Write out the line with "Believe Supplements - Isolate" and every later line through the end of the data below, exactly as given, with no pictures in the copy.

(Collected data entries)
════

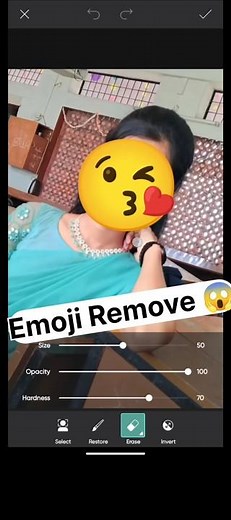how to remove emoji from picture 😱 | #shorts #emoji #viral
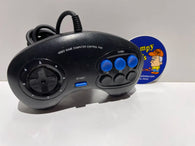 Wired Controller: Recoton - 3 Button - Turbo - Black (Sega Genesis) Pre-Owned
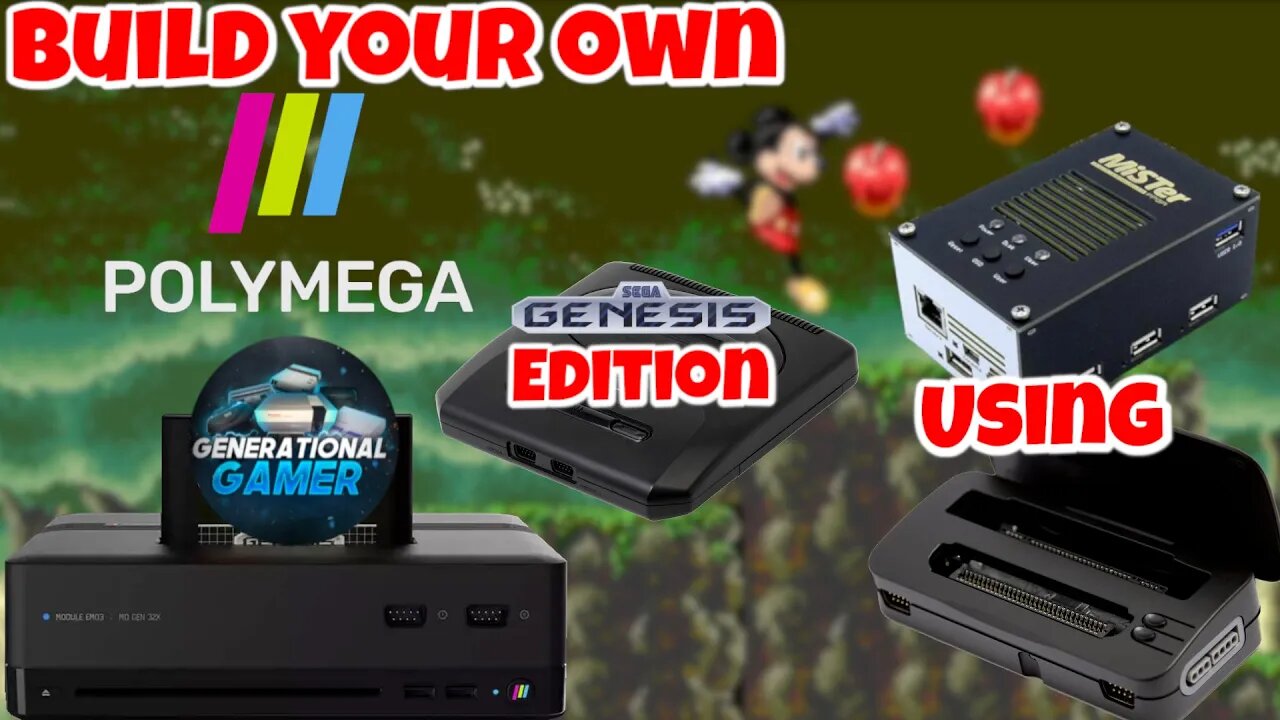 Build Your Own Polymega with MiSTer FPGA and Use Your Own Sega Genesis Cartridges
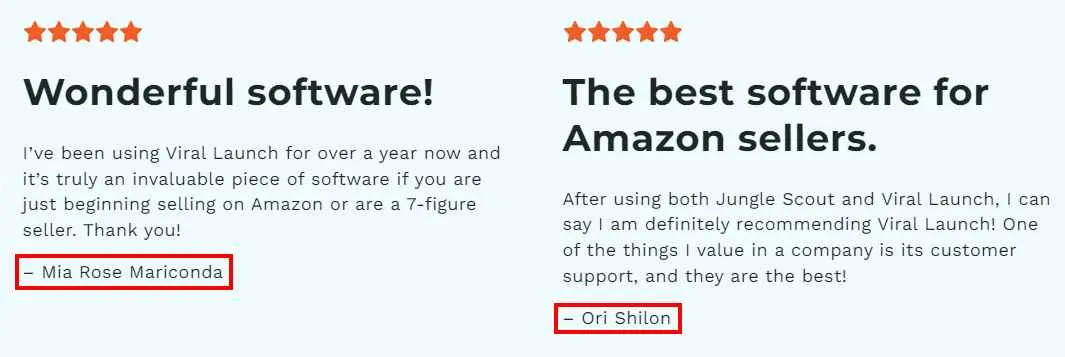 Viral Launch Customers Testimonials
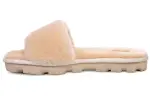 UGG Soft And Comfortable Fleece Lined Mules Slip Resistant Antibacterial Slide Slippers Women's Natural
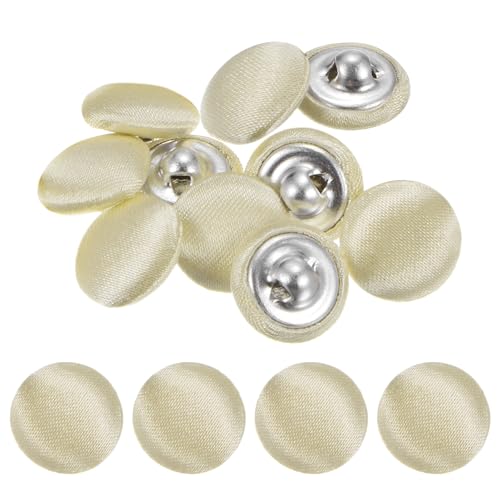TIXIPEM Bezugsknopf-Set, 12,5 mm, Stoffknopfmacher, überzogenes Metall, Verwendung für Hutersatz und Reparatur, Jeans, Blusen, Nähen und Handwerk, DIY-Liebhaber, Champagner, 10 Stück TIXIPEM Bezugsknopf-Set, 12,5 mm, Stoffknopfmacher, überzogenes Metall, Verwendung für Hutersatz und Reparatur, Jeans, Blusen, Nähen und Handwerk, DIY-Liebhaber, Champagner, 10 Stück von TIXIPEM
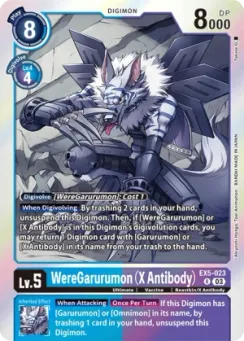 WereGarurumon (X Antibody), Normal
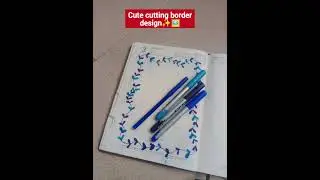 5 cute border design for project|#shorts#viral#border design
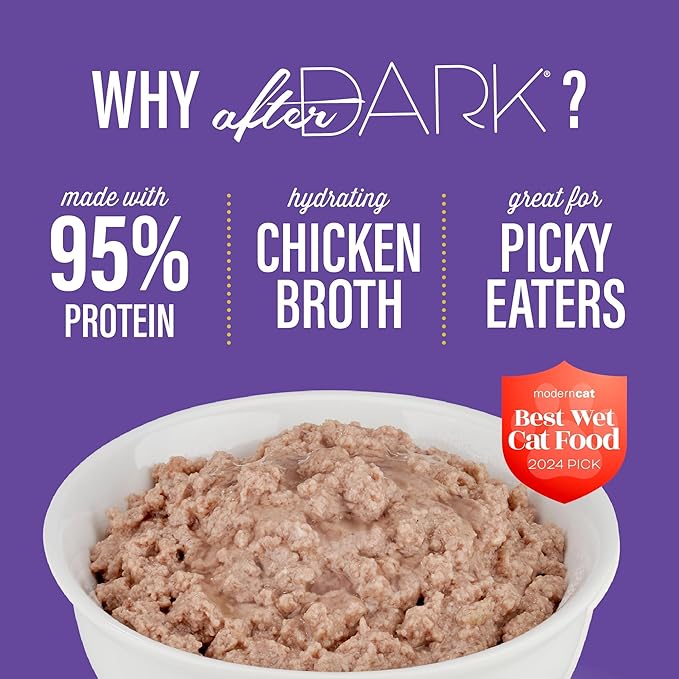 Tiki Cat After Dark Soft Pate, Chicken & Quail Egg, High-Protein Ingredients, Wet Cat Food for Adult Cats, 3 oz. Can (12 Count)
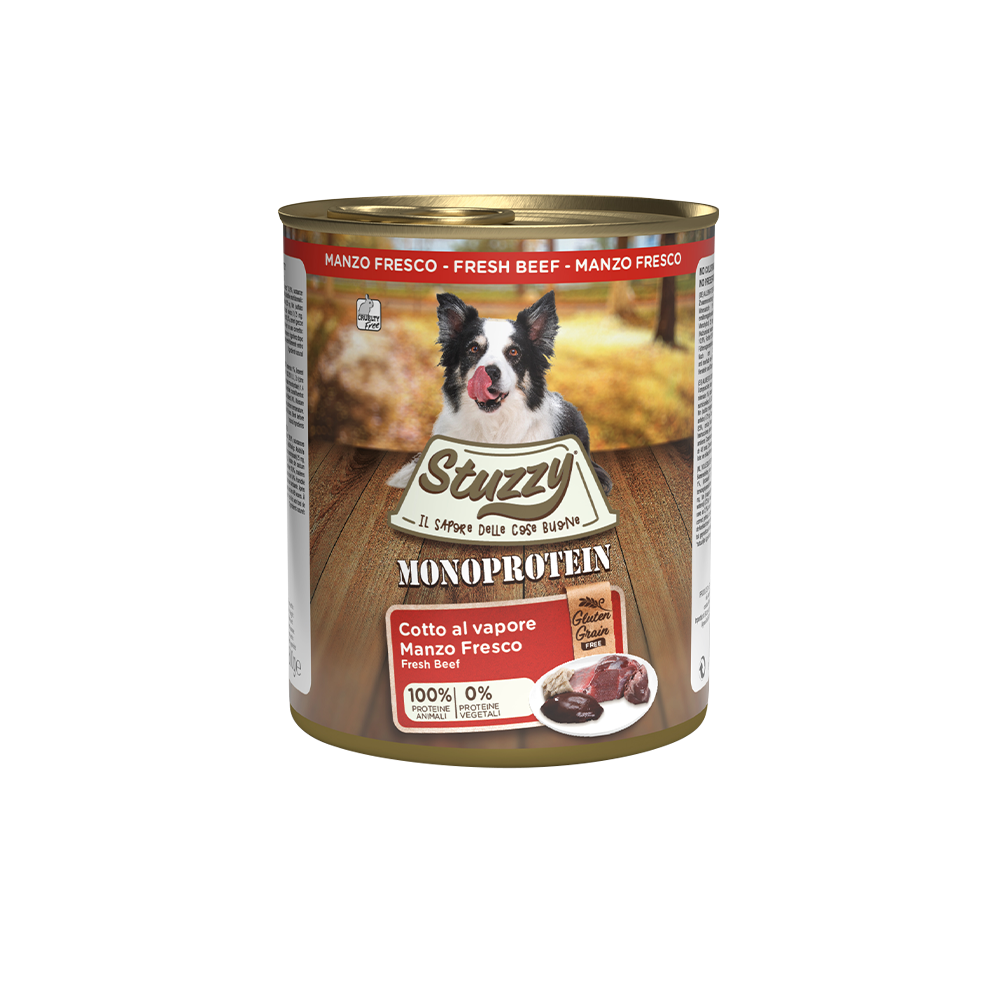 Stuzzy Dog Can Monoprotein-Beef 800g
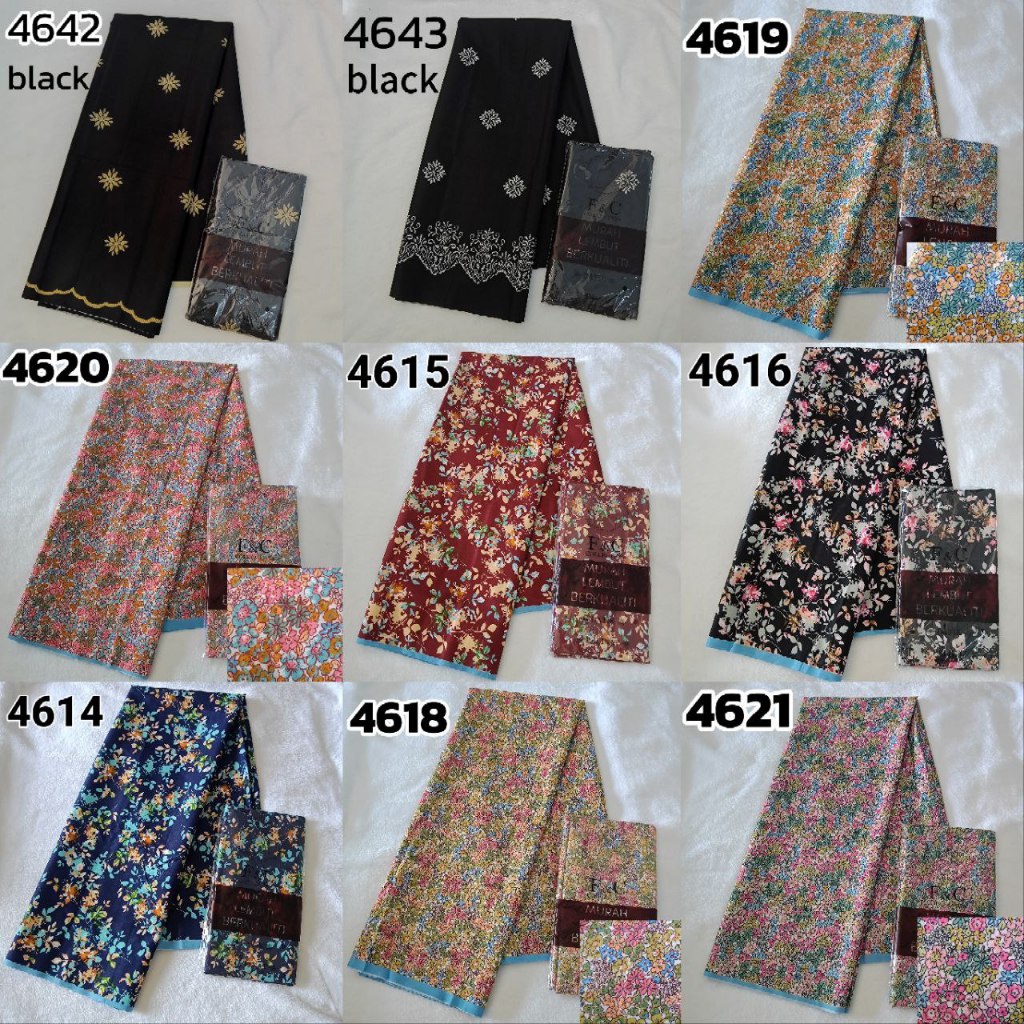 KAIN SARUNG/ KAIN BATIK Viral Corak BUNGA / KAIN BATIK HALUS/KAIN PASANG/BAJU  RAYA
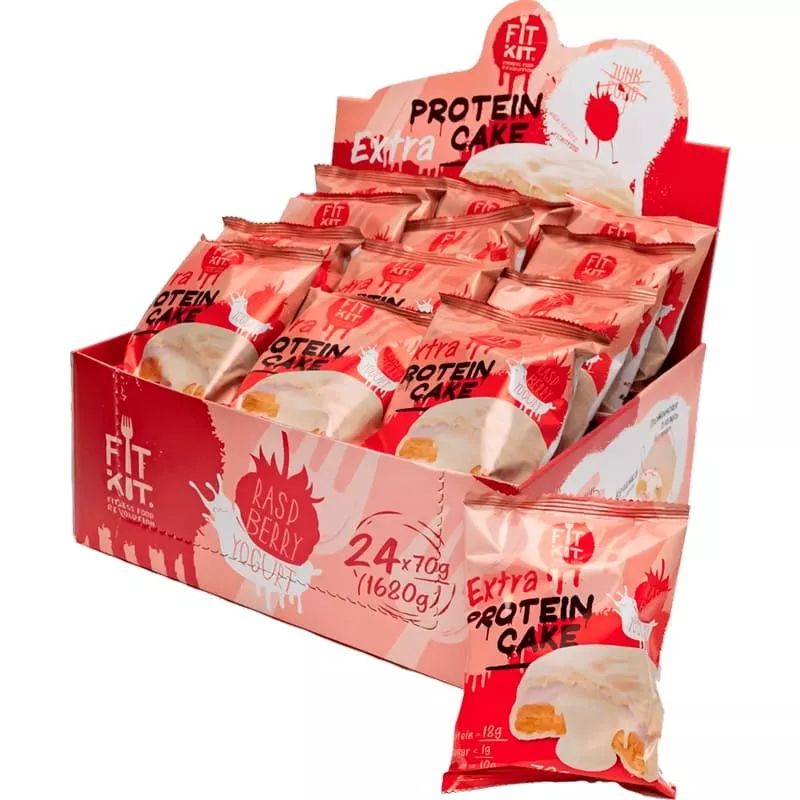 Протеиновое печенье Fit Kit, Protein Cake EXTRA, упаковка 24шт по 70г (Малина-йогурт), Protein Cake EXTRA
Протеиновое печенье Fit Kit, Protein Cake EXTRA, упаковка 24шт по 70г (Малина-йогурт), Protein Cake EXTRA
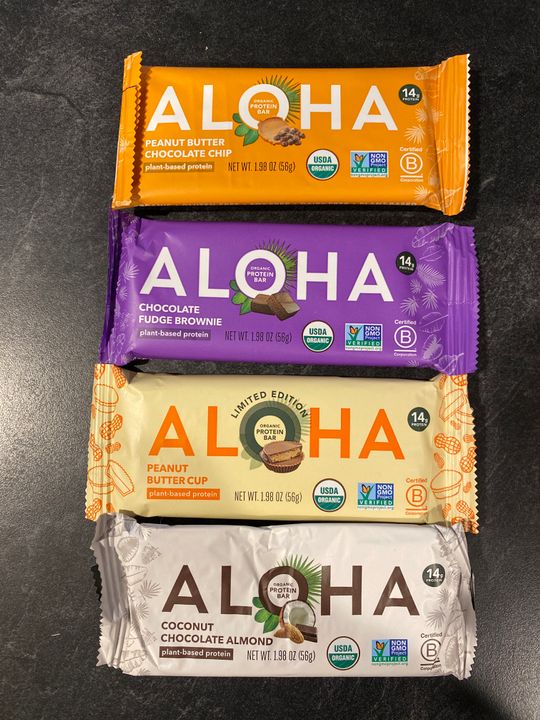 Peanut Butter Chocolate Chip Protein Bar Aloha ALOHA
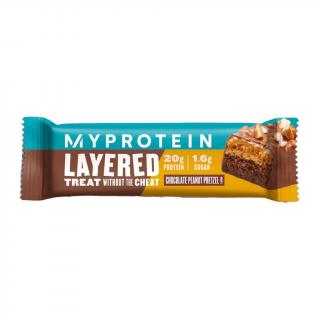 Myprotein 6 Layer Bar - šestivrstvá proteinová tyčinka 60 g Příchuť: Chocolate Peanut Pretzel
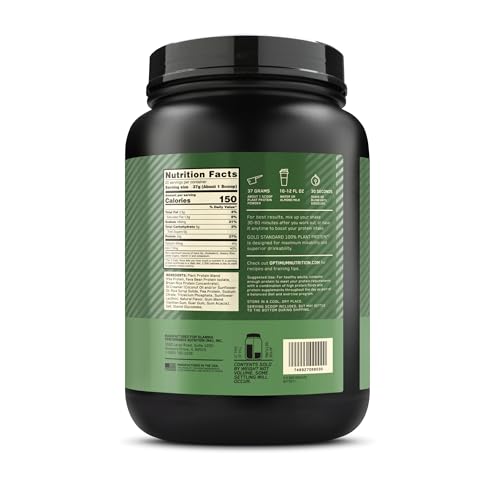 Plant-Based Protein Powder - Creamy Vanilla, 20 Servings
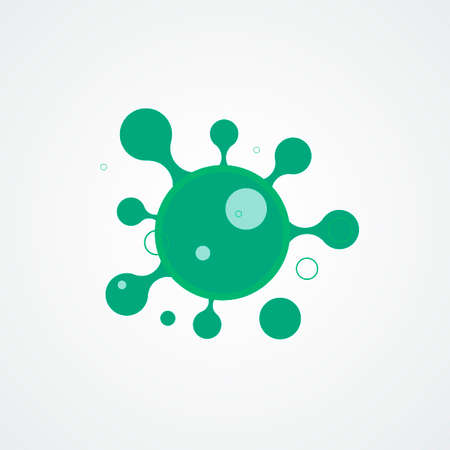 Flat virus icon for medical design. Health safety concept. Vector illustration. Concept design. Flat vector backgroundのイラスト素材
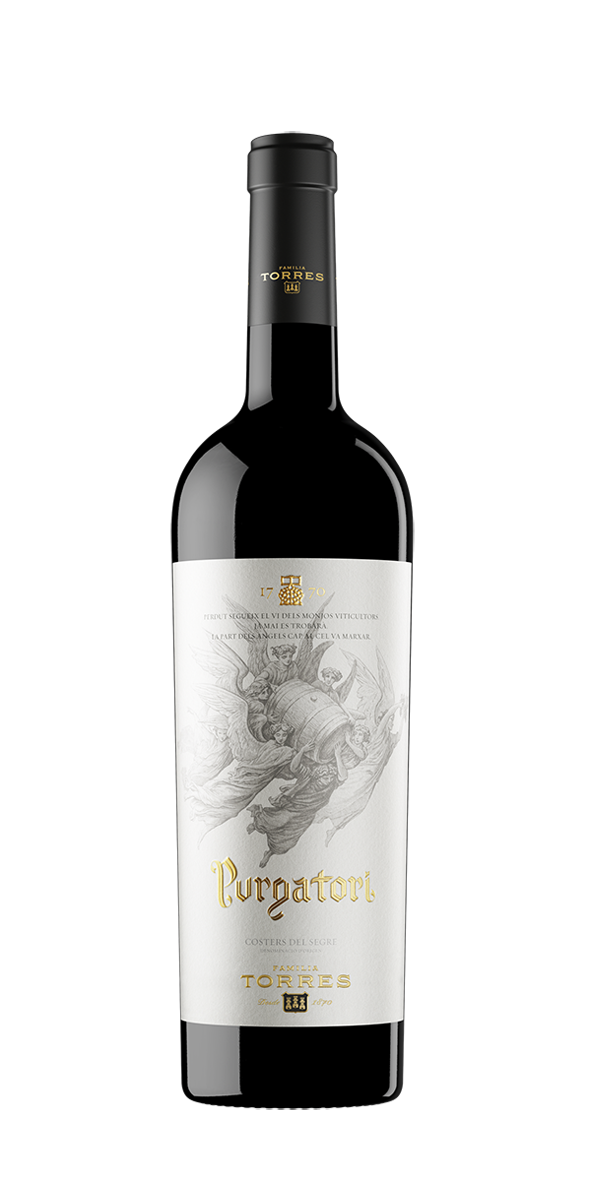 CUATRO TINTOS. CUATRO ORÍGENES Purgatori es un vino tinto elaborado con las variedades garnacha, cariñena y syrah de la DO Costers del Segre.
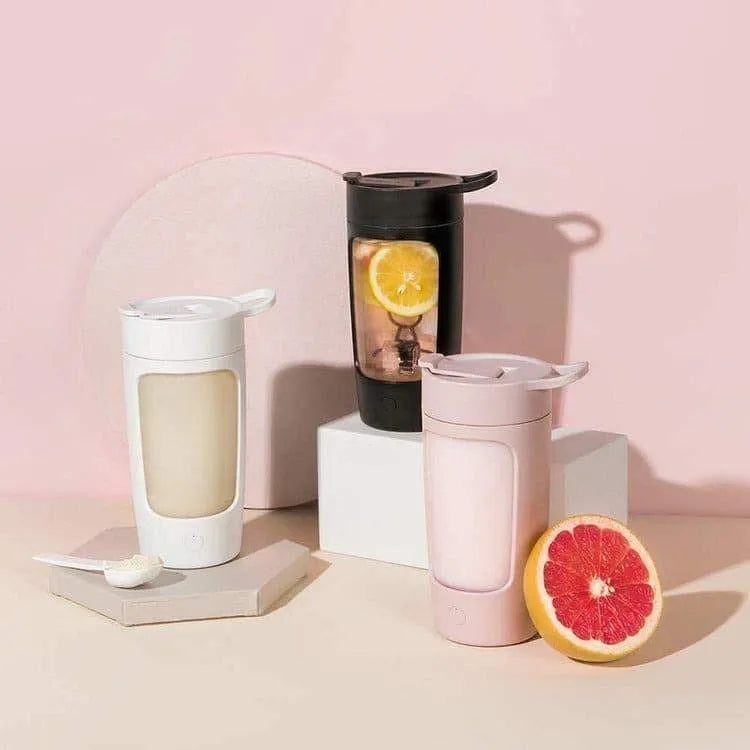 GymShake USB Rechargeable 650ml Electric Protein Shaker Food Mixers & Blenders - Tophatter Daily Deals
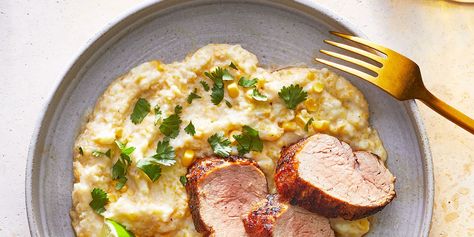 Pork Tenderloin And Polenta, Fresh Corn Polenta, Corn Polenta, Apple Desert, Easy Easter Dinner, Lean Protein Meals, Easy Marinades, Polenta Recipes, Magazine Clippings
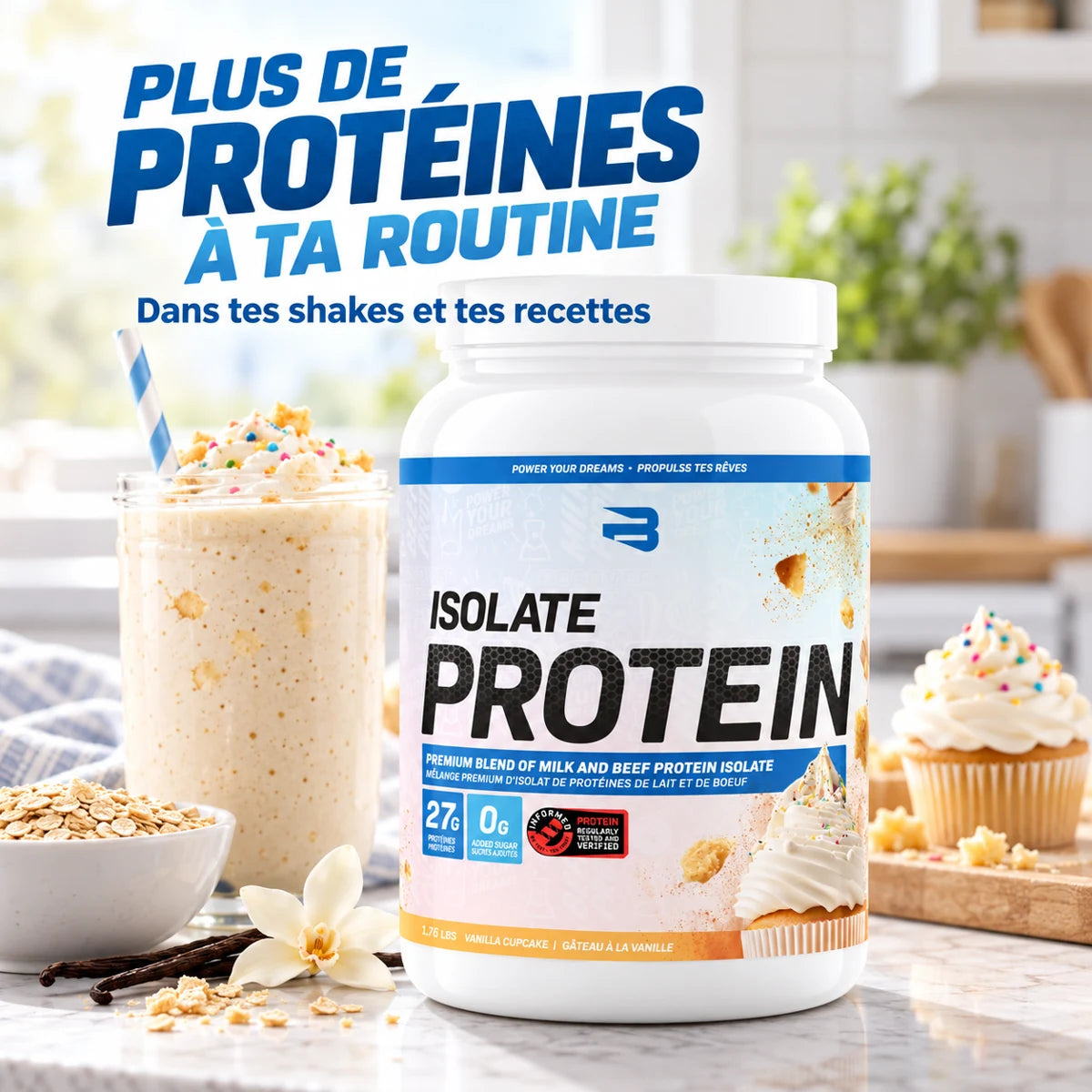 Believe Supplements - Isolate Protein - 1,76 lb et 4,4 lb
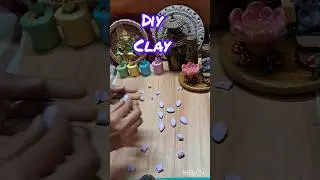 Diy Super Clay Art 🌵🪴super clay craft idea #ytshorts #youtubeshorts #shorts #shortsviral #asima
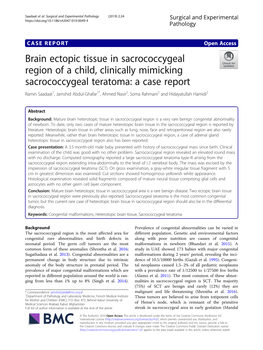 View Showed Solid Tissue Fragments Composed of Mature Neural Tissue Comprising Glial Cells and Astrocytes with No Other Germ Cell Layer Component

════

- [TASK OUTPUT]
 Believe Supplements - Isolate Protein - 1,76 lb et 4,4 lb
 Diy Super Clay Art 🌵🪴super clay craft idea #ytshorts #youtubeshorts #shorts #shortsviral #asima
 View Showed Solid Tissue Fragments Composed of Mature Neural Tissue Comprising Glial Cells and Astrocytes with No Other Germ Cell Layer Component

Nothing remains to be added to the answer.